◆ Exercise aim: Could you restate word for word only the lines below from the one holding "Eladó téglalakás, VIII." to the one holding "Sneakers adidas Rivalry", inclusive, and leave out the pictures?

◆ Records to use:
^^^^^^^^^^^^^^^^
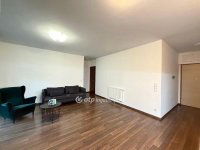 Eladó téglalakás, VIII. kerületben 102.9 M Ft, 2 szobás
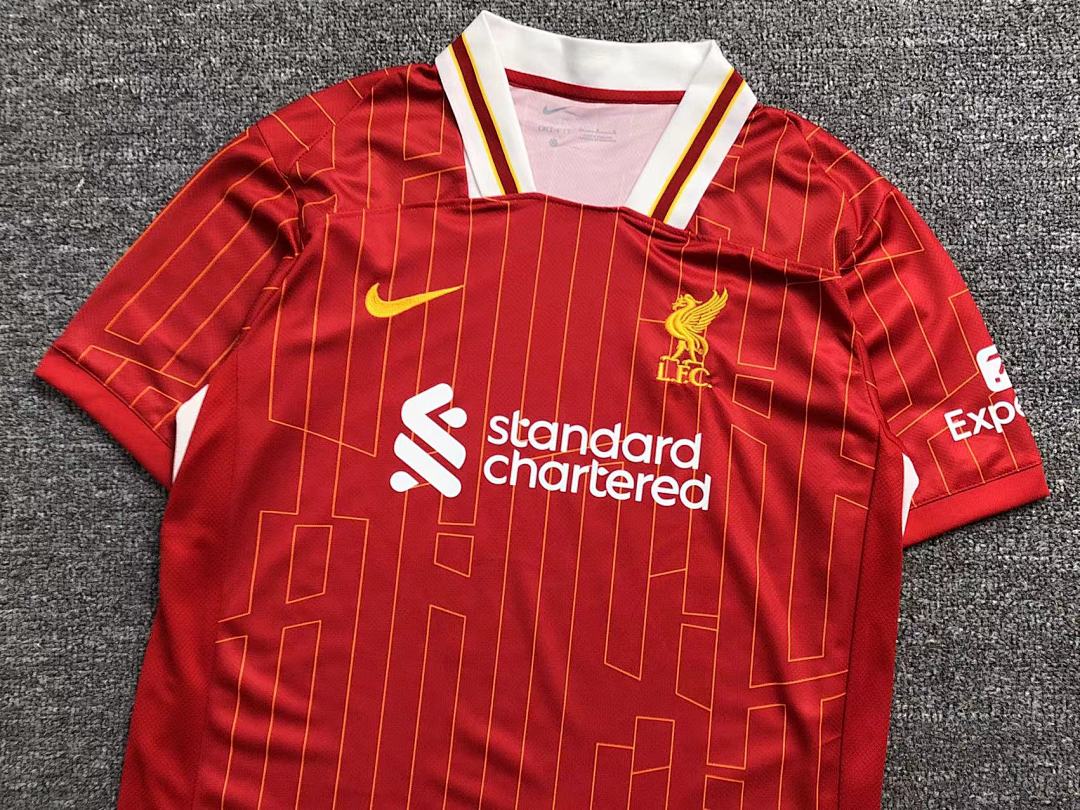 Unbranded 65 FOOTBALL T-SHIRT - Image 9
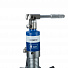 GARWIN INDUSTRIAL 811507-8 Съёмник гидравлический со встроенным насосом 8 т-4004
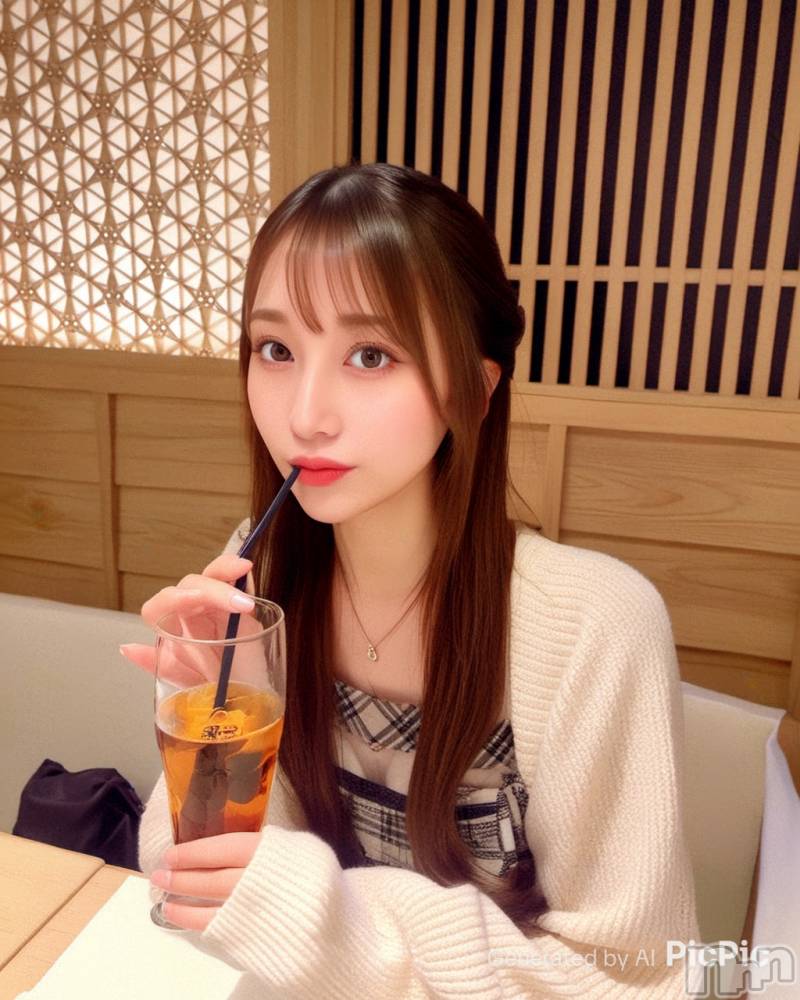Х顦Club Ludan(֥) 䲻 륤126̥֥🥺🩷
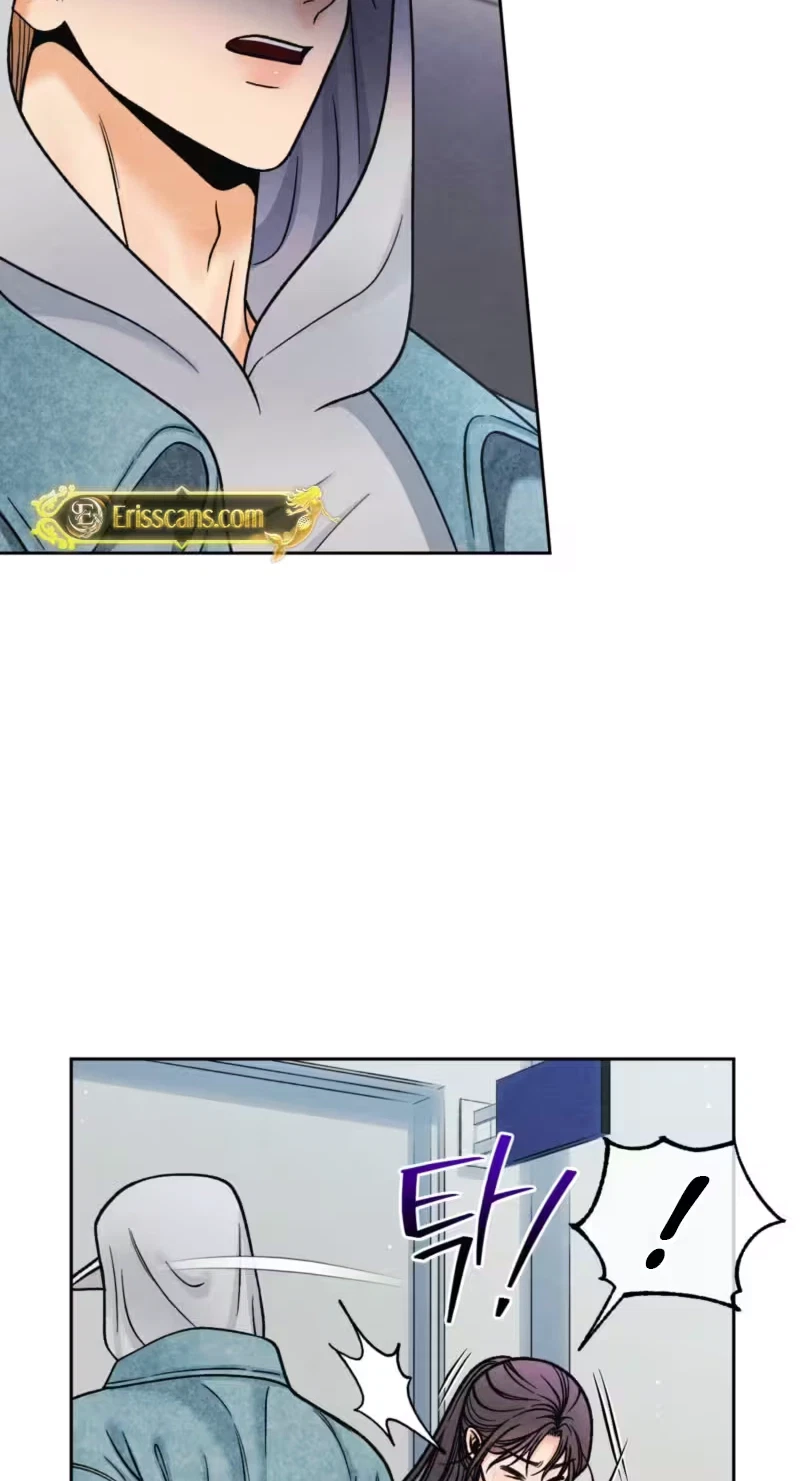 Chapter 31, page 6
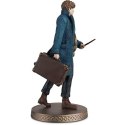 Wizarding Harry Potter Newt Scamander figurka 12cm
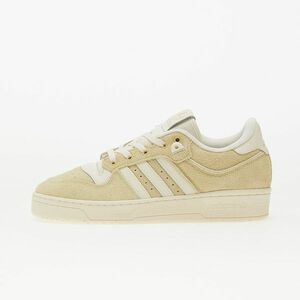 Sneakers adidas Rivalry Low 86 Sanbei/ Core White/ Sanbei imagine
^^^^^^^^^^^^^^^^
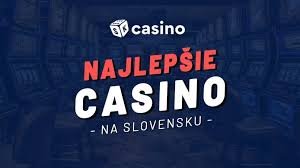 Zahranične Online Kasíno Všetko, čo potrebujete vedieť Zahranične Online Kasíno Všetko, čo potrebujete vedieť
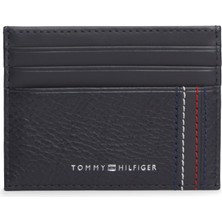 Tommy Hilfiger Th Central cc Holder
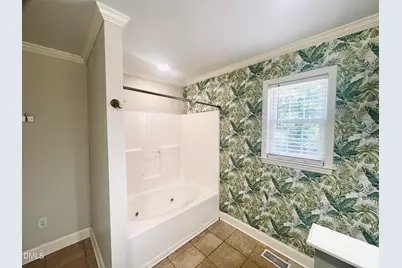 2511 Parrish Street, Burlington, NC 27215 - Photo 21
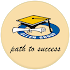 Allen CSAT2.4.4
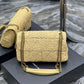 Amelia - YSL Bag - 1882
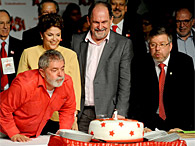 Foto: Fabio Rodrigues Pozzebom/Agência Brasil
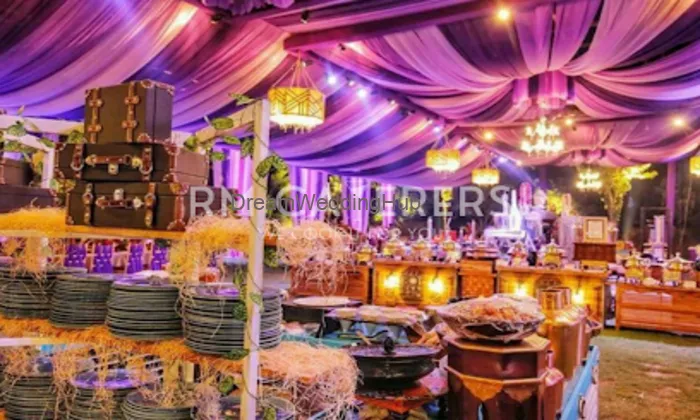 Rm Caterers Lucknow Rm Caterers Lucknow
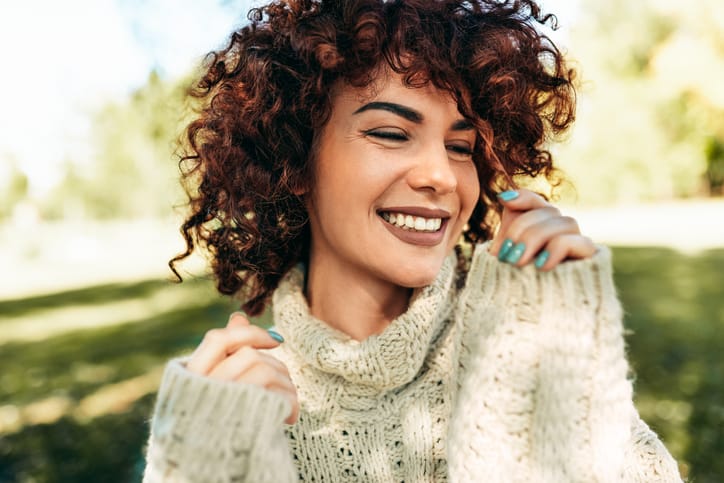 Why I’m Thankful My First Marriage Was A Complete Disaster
^^^^^^^^^^^^^^^^
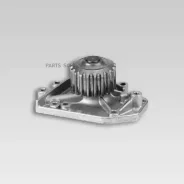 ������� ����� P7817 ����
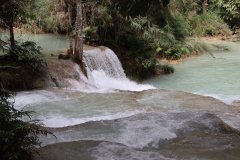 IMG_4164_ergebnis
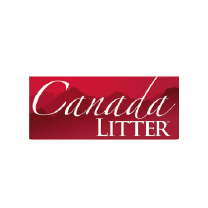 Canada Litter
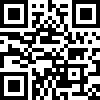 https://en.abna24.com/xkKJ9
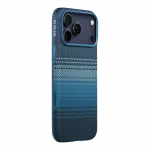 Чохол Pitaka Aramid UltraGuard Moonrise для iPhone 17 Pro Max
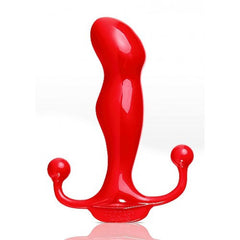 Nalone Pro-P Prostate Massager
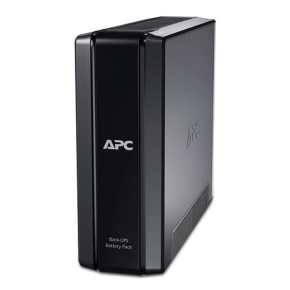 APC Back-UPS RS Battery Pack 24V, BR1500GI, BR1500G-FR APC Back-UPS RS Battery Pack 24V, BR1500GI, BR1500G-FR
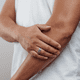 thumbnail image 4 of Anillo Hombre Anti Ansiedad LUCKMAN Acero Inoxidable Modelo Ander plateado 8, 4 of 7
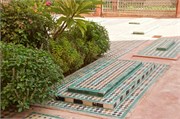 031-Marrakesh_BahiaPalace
^^^^^^^^^^^^^^^^
◆ Expected answer:
 Eladó téglalakás, VIII. kerületben 102.9 M Ft, 2 szobás
 Unbranded 65 FOOTBALL T-SHIRT - Image 9
 GARWIN INDUSTRIAL 811507-8 Съёмник гидравлический со встроенным насосом 8 т-4004
Х顦Club Ludan(֥) 䲻 륤126̥֥🥺🩷
 Chapter 31, page 6
 Wizarding Harry Potter Newt Scamander figurka 12cm
 Sneakers adidas Rivalry Low 86 Sanbei/ Core White/ Sanbei imagine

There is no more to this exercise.